Há dois países ou mais. Vou falar de dois. O das pessoas que fazem o Brasil. E o das que o destroem.

Quem faz o Brasil? Os músicos, os artistas, os cientistas estatais, os professores, muitos religiosos, as mães de Santo, os trabalhadores, os terreiros, as escolas de samba. Ouvi Cacá Diegues dizer em um documentário sobre seus filmes que eles, os cineastas mostram o Brasil dos brasileiros. Fiquei orgulhosa deles. Bye, bye, Brasil somos nós numa época que se findou. Mas somos nós. Aqueles que levam a alegria dos circos e teatro às lonjuras do Brasil. Quem não ri e chora ao mesmo tempo ao ler Peru de Natal de Mario de Andrade? Quem nunca se deixou levar pelo Solo de clarineta de Érico Veríssimo? Quem nunca soube da Capitu, de Machado de Assis? Quem não se emociona com a música Pedacinhos do céu, de Waldyr Azevedo? Com Cartola, o poeta? Com o filme Terra em Transe, de Glauber Rocha?

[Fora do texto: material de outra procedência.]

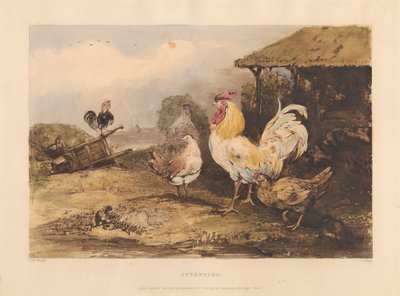 Cavalaria Rural; Uma série em seis pratos de Galos Lutadores: 1. Atenção de James Fahey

Cacá Diegues tem razão, o Brasil é rico, seu povo é rico.

A outra parte é a que come a beleza do país, sua elite. Amo o livro de João Ubaldo Ribeiro, Viva o povo brasileiro, descrevendo a formação das elites. Deliciosamente, João Ubaldo, apresenta essas elites como os restolhos da humanidade, os presos e os degredados portugueses que Portugal enviou à colônia brasileira. Disso nasceu uma elite predadora, inculta e cruel. Não preciso falar que o exército brotou desse acidente. É claro que estou falando de literatura, mas não esqueçamos que João Ubaldo também era sociólogo. Sabia a origem dessas elites que, hoje, querem furar a fila das vacinas e antes queriam destruir e privatizar o Butantã, a Fiocruz, as universidades federais e estaduais assim como o ministro da economia ainda quer.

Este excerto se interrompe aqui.